Justine wondered about her abductor. He’d hung within the shadows so she didn’t recognize him. Why take her? Was she just a random victim in the wrong place at the wrong time, or had he followed her through the store, patiently waiting until she ventured into the fog? This was fate’s way of torturing her for her wrongdoings. Karma coming around to snatch her in its needle-fang jaws.
She’d asked for this. Not by returning to Wolf Lake, but by her inaction when Paige bullied Dawn and drove the poor girl to commit suicide. Justine could have stopped the madness. At the very least, she should have turned her back on Paige, as Skye had done months before. How ironic that Skye paid the price for their sins, when she was the only one brave enough to tell Paige she was out of control. Even then, it was already too late. Dawn hung herself in her bedroom, while her classmates looked forward to their final schooldays and applied to universities. It should have been the happiest times of their lives.
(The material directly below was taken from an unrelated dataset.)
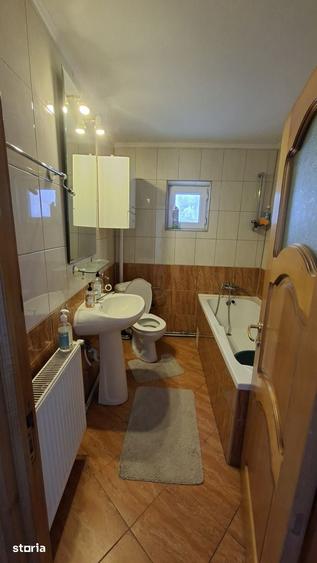 Apartament cu 3 camere semidecomandat în Craiovei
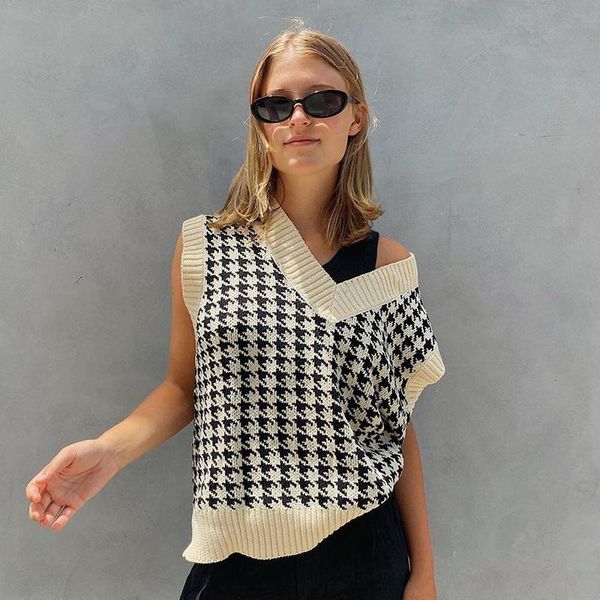 women's vests sleeveless houndstooth sweater women 2021 fall pullover v neck casual jumper korean loose winter knitted vest, Black;white
women's vests sleeveless houndstooth sweater women 2021 fall pullover v neck casual jumper korean loose winter knitted vest, Black;white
Exhaustion and a malnourished body dragged her toward an unconscious state. It was silent above the ceiling. No footfalls scuffling across the floor. Perhaps her kidnapper had abandoned her to starve and die in this nowhere world. A whoosh drew her eyes to the far wall as the water heater turned on. A moment later, water poured through the pipes as the shower ran somewhere in the house. She wasn’t alone, after all.
Be strong, Justine.
The words floated inside her head as she hallucinated Skye speaking to her. It wasn’t the first time she’d imagined her friend in the same room. Since the weekend Skye disappeared, Justine heard the girl talking from the shadows when Justine teetered on the edge of sleep. Skye came to her in dreams and told her she was alive, that someday they’d be together again. Justine could show her faith and keep Skye’s memory alive by wearing the friendship bracelet. Donning the bracelet brought Justine closer to her lost friend. It wasn’t a tribute to Paige.
Her head bobbed and dropped to her chest. The manacles stretched her arms taut as she pitched forward. Numb, she no longer experienced pain.